Program to find Median of two sorted arrays of equal size in C++

Median of two sorted arrays of equal size in C++

Here, in this page we will discuss the program to find median of two sorted arrays of equal size in C++ programming language. We are given with two arrays say arr1[] and arr2[] of the same size say n . We need to find the median after merging these arrays.
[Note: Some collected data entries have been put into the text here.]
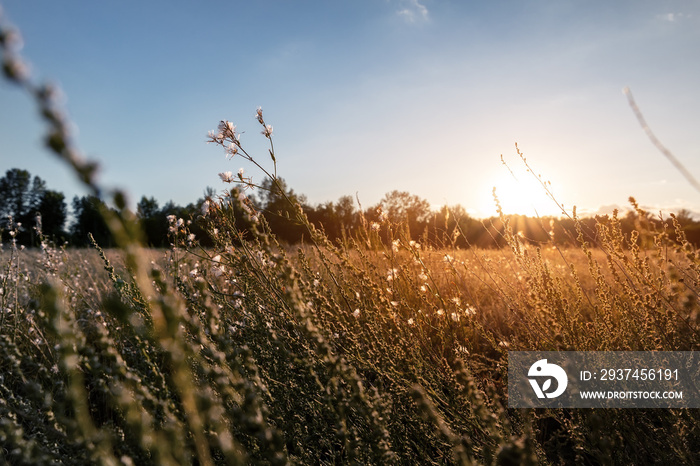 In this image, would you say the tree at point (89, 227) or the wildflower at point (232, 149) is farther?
the wildflower at point (232, 149)

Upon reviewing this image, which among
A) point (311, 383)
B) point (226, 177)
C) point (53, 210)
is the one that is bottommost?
point (311, 383)

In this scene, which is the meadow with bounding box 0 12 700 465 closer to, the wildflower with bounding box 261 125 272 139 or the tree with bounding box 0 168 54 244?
the wildflower with bounding box 261 125 272 139

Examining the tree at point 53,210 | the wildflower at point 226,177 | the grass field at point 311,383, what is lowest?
the grass field at point 311,383

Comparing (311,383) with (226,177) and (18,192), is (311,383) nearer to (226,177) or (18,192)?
(226,177)

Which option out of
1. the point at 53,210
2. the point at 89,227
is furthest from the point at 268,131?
the point at 53,210

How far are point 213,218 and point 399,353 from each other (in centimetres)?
159

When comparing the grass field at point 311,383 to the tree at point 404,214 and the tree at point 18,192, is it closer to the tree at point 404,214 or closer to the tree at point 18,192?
the tree at point 404,214

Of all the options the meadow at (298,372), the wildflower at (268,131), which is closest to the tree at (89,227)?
the meadow at (298,372)

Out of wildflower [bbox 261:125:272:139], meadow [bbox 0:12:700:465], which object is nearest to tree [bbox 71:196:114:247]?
meadow [bbox 0:12:700:465]

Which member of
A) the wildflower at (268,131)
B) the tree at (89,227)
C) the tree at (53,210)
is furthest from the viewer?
the tree at (53,210)

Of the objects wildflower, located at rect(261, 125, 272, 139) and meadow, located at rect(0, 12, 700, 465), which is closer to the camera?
meadow, located at rect(0, 12, 700, 465)

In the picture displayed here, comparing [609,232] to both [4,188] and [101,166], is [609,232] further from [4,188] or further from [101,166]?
[4,188]

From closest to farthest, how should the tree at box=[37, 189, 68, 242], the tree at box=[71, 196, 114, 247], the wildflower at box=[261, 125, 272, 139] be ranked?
the tree at box=[71, 196, 114, 247], the wildflower at box=[261, 125, 272, 139], the tree at box=[37, 189, 68, 242]

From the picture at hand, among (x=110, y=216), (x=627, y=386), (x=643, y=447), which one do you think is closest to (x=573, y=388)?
(x=643, y=447) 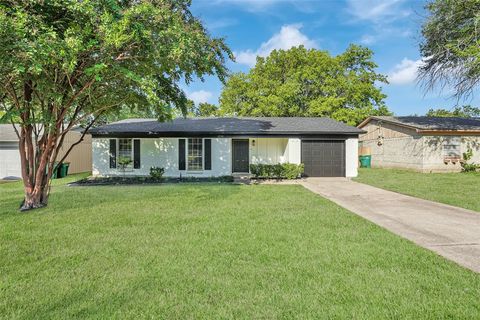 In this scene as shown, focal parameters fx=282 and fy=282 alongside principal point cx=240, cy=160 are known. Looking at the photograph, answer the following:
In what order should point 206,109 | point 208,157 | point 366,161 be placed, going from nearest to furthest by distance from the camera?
point 208,157, point 366,161, point 206,109

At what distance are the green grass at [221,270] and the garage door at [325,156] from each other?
9238 millimetres

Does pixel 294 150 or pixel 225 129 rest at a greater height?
pixel 225 129

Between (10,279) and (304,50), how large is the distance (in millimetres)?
32378

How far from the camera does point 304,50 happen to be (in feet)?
102

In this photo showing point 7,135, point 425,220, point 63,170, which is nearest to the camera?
point 425,220

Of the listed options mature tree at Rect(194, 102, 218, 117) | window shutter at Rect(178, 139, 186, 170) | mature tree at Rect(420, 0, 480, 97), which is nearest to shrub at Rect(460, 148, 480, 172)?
mature tree at Rect(420, 0, 480, 97)

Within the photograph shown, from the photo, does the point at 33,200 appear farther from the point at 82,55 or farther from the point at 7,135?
the point at 7,135

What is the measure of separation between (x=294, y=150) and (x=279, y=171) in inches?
68.4

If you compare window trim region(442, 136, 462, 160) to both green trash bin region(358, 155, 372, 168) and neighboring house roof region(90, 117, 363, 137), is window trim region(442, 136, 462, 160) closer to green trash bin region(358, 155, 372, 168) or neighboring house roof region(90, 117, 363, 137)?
green trash bin region(358, 155, 372, 168)

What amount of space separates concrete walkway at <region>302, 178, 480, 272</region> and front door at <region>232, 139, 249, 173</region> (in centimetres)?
723

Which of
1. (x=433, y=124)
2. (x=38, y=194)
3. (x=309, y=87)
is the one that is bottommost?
(x=38, y=194)

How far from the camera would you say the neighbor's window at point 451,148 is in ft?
58.0

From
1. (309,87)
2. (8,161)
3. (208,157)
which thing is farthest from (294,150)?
(8,161)

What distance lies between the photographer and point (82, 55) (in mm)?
6785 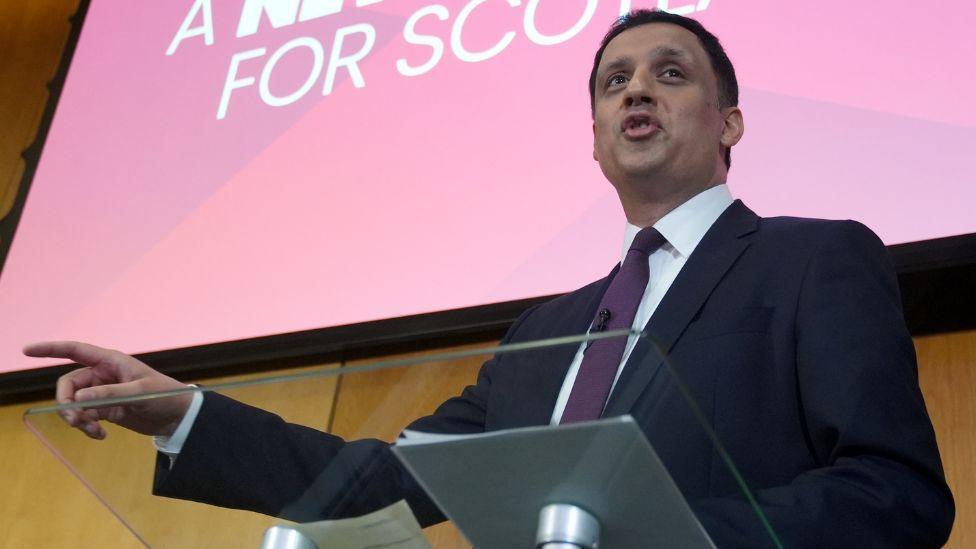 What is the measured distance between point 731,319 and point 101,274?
2.06 metres

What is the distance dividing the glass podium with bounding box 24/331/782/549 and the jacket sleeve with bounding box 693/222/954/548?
0.24 ft

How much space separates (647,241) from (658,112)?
25cm

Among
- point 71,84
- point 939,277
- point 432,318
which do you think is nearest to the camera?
point 939,277

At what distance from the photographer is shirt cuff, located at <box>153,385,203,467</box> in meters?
1.10

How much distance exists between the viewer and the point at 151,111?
130 inches

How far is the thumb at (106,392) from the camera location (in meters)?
1.04

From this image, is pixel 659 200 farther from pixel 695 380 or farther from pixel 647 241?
pixel 695 380

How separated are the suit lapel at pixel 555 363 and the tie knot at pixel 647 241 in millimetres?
124

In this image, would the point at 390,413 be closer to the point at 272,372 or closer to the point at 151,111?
the point at 272,372

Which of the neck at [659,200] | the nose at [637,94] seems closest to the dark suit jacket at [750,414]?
the neck at [659,200]

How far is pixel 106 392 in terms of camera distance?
3.48 feet

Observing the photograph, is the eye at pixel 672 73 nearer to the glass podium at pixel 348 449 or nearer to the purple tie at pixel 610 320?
the purple tie at pixel 610 320

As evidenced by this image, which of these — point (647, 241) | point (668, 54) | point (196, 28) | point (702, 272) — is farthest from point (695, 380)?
point (196, 28)

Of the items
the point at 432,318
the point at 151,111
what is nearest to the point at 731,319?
the point at 432,318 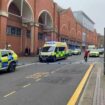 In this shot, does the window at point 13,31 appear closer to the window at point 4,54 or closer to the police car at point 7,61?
the police car at point 7,61

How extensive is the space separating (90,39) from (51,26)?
230ft

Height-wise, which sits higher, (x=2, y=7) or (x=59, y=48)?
(x=2, y=7)

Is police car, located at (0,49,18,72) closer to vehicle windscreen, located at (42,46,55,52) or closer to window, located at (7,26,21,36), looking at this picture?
vehicle windscreen, located at (42,46,55,52)

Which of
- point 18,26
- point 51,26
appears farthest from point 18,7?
point 51,26

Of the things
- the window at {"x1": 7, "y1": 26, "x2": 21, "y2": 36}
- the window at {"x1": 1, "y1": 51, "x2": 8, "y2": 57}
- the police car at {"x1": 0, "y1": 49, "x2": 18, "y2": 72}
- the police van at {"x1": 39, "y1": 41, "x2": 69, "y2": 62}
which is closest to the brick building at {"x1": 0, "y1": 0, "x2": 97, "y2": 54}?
the window at {"x1": 7, "y1": 26, "x2": 21, "y2": 36}

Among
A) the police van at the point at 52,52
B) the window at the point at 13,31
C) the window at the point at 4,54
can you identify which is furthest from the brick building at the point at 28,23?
the window at the point at 4,54

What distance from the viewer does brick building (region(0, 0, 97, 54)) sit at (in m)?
42.6

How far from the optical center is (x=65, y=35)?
3145 inches

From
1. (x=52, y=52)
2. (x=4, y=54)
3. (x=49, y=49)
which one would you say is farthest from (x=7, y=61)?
(x=49, y=49)

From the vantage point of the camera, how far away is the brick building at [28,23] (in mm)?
42612

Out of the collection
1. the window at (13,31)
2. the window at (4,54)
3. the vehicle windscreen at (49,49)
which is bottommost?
the window at (4,54)

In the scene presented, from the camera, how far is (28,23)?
52969 millimetres

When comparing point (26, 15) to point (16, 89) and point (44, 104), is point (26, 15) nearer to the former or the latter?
point (16, 89)

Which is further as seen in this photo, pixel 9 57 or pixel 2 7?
pixel 2 7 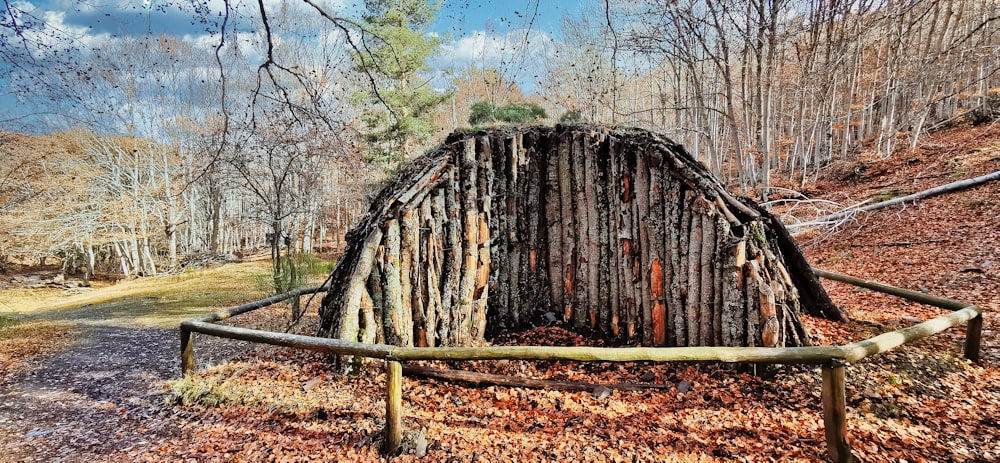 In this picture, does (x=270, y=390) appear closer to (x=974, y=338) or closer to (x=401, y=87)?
(x=974, y=338)

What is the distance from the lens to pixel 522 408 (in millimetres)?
3717

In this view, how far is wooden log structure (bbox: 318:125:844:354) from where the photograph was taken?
408 cm

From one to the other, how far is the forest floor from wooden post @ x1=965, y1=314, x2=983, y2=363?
99 mm

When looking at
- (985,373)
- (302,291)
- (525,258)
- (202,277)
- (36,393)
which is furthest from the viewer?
(202,277)

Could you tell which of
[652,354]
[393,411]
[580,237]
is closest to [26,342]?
[393,411]

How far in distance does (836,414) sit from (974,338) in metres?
2.49

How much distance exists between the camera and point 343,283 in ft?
15.5

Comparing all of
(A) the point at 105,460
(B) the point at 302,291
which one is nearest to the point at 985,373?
(A) the point at 105,460

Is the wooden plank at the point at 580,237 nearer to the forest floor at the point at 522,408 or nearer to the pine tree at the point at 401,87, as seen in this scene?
the forest floor at the point at 522,408

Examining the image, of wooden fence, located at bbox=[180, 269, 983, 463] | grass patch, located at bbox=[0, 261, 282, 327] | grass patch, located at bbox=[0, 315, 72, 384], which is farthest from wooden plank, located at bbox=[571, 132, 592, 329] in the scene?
grass patch, located at bbox=[0, 261, 282, 327]

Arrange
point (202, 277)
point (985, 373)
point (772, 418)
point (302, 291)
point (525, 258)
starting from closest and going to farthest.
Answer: point (772, 418)
point (985, 373)
point (525, 258)
point (302, 291)
point (202, 277)

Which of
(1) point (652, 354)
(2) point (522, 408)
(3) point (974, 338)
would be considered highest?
(1) point (652, 354)

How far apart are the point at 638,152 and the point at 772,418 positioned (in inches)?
106

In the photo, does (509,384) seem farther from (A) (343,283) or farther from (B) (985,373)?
(B) (985,373) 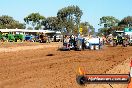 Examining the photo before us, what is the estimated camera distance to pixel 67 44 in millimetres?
36781

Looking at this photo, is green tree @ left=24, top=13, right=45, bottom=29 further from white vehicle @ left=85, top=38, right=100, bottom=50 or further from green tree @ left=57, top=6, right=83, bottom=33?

Median of two sorted arrays of equal size in C++

Method 1:

  • Find the union of the given two arrays.
  • Sort both array 1 and array2 (Using inbuilt sort() function).
  • Then the median element will be
    Median = (arr1[n-1]+arr2[0])/2

Time and Space Complexities :

  • Time-Complexity :O(nlogn)
  • Space-Complexity : O(1)
Median of two sorted arrays in C++

Code for Median of two Sorted arrays of equal size in C++

Run
#include<bits/stdc++.h>
using namespace std;

int getMedian(int ar1[], int ar2[], int n)
{
    int j = 0;
    int i = n - 1;
    while (ar1[i] > ar2[j] && j < n && i > -1)
        swap(ar1[i--], ar2[j++]);

    sort(ar1, ar1 + n);
    sort(ar2, ar2 + n);

    return (ar1[n - 1] + ar2[0]) / 2;
}





int main()
{
   int n;
   cin>>n;

   int arr1[n], arr2[n];
   for(int i=0; i<n; i++)
      cin>>arr1[i];

   for(int i=0; i<n; i++)
      cin>>arr2[i];

   cout<<getMedian(arr1, arr2, n);

   return 0;
}
Input :
5
1 12 15 26 38
2 13 17 30 45

Output :
16

Method 2 :

  • Take the size of the array from the user and store them in the variables say n.
  • Create two arrays of size n and then take elements of the respective arrays from the user.
  • Now, create variable count. Keep track of count while comparing elements of two arrays.
  • Run a loop that will terminate when count > n.
  • If count becomes n(For 2n elements), we have reached the median.
  • Take the average of the elements at indexes n-1 and n in the merged array.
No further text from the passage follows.